We sat outside his house for like half an hour because I was panicking but eventually we went in and honestly… it went perfect. I hugged his mum, hugged his dad, and when we were alone again he kissed my forehead and told me his parents thought I was beautiful.
TELL ME WHY AFTER THAT THIS MAN COMPLETELY SWITCHED.
Suddenly I’m getting left on delivered for hours. Opened messages. Dry replies. He’d disappear until he wanted to see me again and then act normal in person. It genuinely started messing with my head because whenever we’re together it feels SO good and natural, but when we’re apart it’s like I barely exist to him.
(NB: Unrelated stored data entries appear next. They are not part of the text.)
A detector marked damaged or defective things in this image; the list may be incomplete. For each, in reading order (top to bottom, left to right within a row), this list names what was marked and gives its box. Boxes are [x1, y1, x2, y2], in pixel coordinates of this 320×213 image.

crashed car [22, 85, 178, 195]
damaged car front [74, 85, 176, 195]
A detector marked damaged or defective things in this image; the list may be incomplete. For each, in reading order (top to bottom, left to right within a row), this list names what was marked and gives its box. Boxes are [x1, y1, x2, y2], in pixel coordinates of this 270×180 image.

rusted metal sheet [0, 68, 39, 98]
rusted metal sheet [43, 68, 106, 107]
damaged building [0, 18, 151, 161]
A few days before his birthday I finally blocked him because I was upset and tired of feeling stupid. FOUR DAYS LATER he rings me asking why I removed him. I told him straight up it’s because he never speaks to me properly anymore and he said he’s “busy with work.”which I didn’t understand because my point was how was you able to keep a conversation with me from across the country but not five minutes down the road?
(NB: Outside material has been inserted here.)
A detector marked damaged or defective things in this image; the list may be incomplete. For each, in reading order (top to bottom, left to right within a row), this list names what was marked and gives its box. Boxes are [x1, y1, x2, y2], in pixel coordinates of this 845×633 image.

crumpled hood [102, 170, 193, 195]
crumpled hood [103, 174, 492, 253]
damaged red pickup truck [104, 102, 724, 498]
Here’s the thing though… my friend’s ex is HIS friend, and apparently he told them he doesn’t even work right now??? So now I don’t know what to believe because every cancelled plan or excuse has apparently been “work.” Or was “tired” because of work
But stupidly I added him back anyway.
A few days later I saw him again and I swear every single time I’m around him I catch feelings all over again. I brought up how distant he got and told him sometimes I feel like maybe I’ve done something wrong or maybe I’m “too much” or “not enough.” He said he was just going through things mentally and didn’t want to speak to anyone properly while dealing with it.
And honestly? I would’ve believed that completely if he didn’t disappear for TWO WEEKS after.
We haven’t spoken since.
The embarrassing part is… deep down I still feel like me and him are to become something eventually. I KNOW how insane that sounds because logically I can see the mixed signals. But my friend originally set me up with him because apparently he’s never had good relationships and she said I have “too much love to give.” And whenever I’m with him I get this weird stomach feeling like something good is about to happen.
I genuinely cannot tell if this is intuition or me romanticising a man who gives me the bare minimum.
Do I leave this alone or do you think there’s actually something here?